When Ian Curtis hanged himself it was visceral, a full stop. When Richey Edwards vanished on February 1, 1995, his fate was uncertain and, though he was legally declared dead in 2008, there is no finality.

What binds them both is the intuitive lens of award-winning photographer Kevin Cummins whose images, most notably of Joy Division and The Smiths, reach both under the skin and into the psyche, capturing aspects that others might not dare to see.

Kevin, who spent tens years as chief photographer for New Musical Express, has just launched an exhibition at Proud Camden to coincide with his latest book Assassinated Beauty: Photographs of Manic Street Preachers, which includes never seen before photographs of the band on and off stage alongside studio shots.

Kevin’s first pictures of the band, taken in Paris in March 1991, reveal how Richey and fellow guitarist Nicky Wire had already established an alluring identity while lead singer/guitarist James Dean Bradfield and drummer Sean Moore trailed slightly behind.

“James and Sean hadn’t quite worked out how they were going to look off stage,” says Kevin. “The earlier pictures look like two separate bands or like they’d brought the kids along because they couldn’t get a babysitter.”

A few months after Paris, Kevin worked on the band’s first NME cover, which featured Nicky and Richey lying on a gold cloth.

“At that time it was unusual not to put the lead singer on the cover, but the pictures were not strong enough for a full band shot,” says Kevin.

“They knew how important that first cover was, that this was going to be their legacy, so Nicky and Richey asked these girls in a nightclub to give them love bites so they could look even trashier in the pictures. They were always thinking ahead.”

At first glance the shots seem like teen mag pin-ups, but look again and you see the feeling beneath the idealised form.

“They had a sense of the sexually ambiguous, but the picture has a real tenderness about it, you can’t see from the shot but they’re actually holding hands. They could be lovers, they could be anything. “I saw it as my duty to intrigue and ask questions in pictures. It’s not like now where people buying the paper can access music at a click of a button. The only way to hear bands back then was by searching them out yourself.
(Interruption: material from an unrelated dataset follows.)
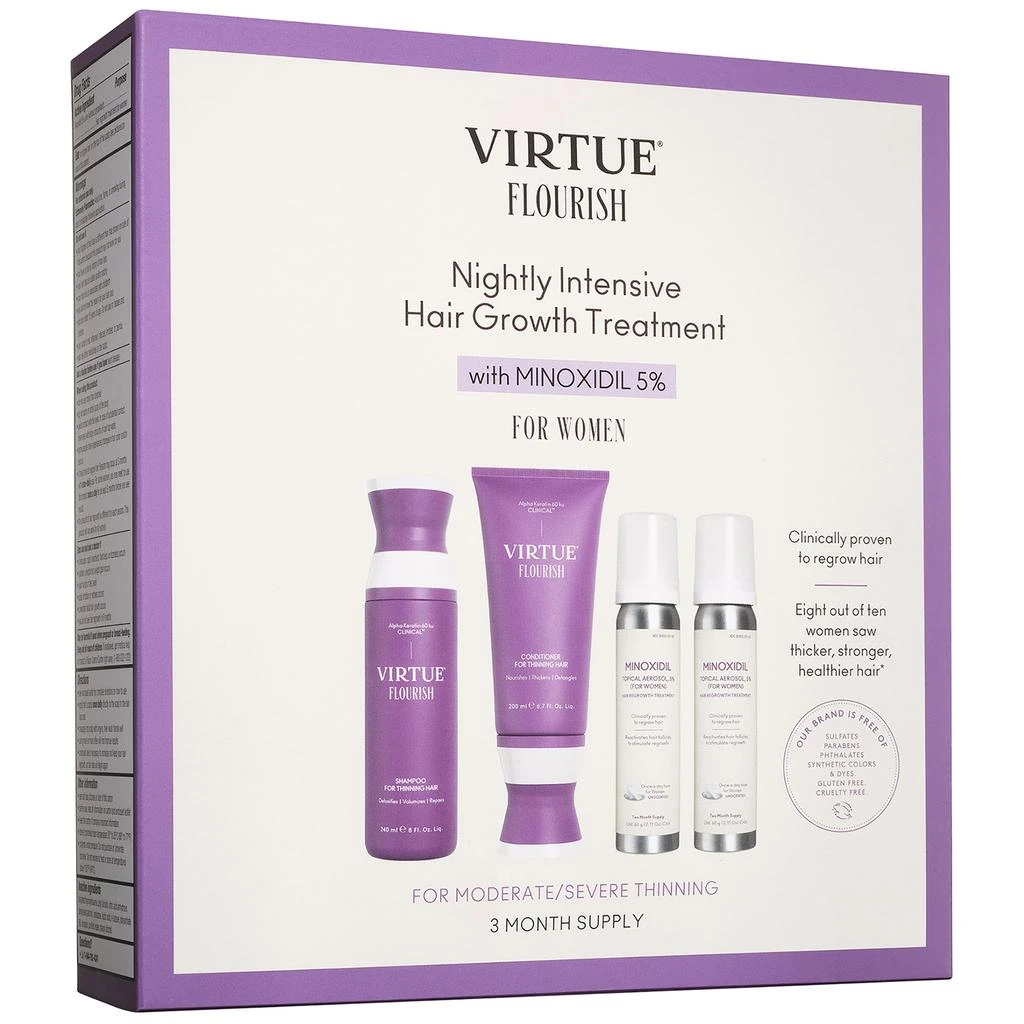 VIRTUE VIRTUE Flourish Nightly Intensive Hair Growth Treatment Hair Kit 4 piece 1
“What we didn’t understand at the time was that there were people round the world buying the NME and sending off to Britain to buy records on our recommendation. We just did it for other people in the office so seeing people reading the NME on the Tube was a shock. We were bitterly disappointed as they all looked so normal.”

Behind the flamboyant clothes and the eyeliner, the Manics could be normal too.
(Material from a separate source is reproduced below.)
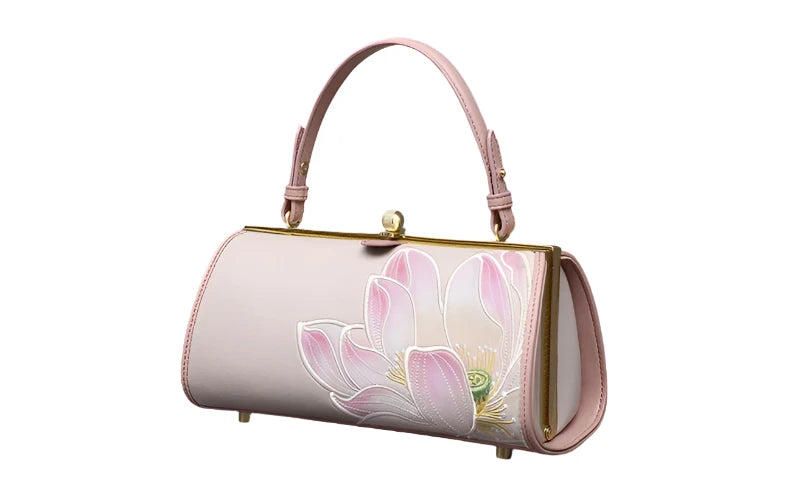 Luxury Lotus Frame Shoulder Bag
“When we went to Bankok in 1994 I got some lovely pictures out on the streets with Richey looking like a startled young boy. It was the look I wanted in the picture, but the reality was that half an hour earlier we were watching Man City and Man United in the pub, having a pint.”

The Assassinated Beauty exhibition is at Proud Camden, Chalk Farm Road, until January 2015. Assassinated Beauty: Photographs of Manic Street Preachers by Kevin Cummins is published by Faber & Faber on December 4.